Katrina Schwartz (@kschwart) on Mindshift reports on the annual Software and Information Industry Association’s (SIIA) 2013 Vision K-20 survey of use of technology in education. I always look for the dissonance as the place to start solving problems, so this bit shouted out to me:
Almost half of all secondary schools allow students to bring their own devices now and 60 percent anticipate they will allow devices within one year. In elementary schools the integration of BYOD is much lower — only 20 percent of schools allow devices now. Still, even in the younger age group, educators predict that within five years 70 percent will allow devices. Most schools that have BYOD policies restrict access to sites deemed non-educational like Facebook, Twitter, games and music. In secondary schools more than 80 percent have restrictions and in elementary school 79 percent restrict use to strictly educational purposes.
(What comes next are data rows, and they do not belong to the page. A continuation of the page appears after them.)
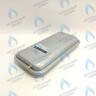 AA10050002 Расширительный бак 5 л ELSOTHERM серия Т в Орле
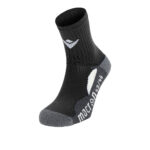 Trainingsocken kurz Macron Trick- FCN - T – Bild 2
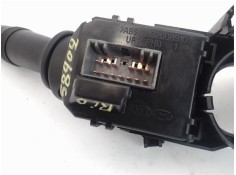 Recambio de mando intermitencia para kia rio (ub) 1.2 basic referencia OEM IAM 202008910 934901W110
“Interestingly they said the teacher has total discretion over how it’s used in the classroom,” Meell said. “Teachers could take the device if used improperly.” This data shows that schools are eager to leverage students’ personal devices in the classroom, but are still struggling with the best way to balance instructional use against potential distractions.
Five years ago BYOD in high schools was rare; now it is mainstream. Is there anyone who thinks this is NOT going to happen within the decade? When it takes a MINIMUM of 1-3 years to enact cultural change in schools, are you planning ahead for the inevitability of BYOD at all grade levels? Importantly, are you leaving this to your IT group to plan, or do you recognize that this is part of a fundamental systems-level shift in all-school pedagogy and the learning environment? Is technology driving your thinking, or is learning driving you to leverage these rapidly evolving capabilities?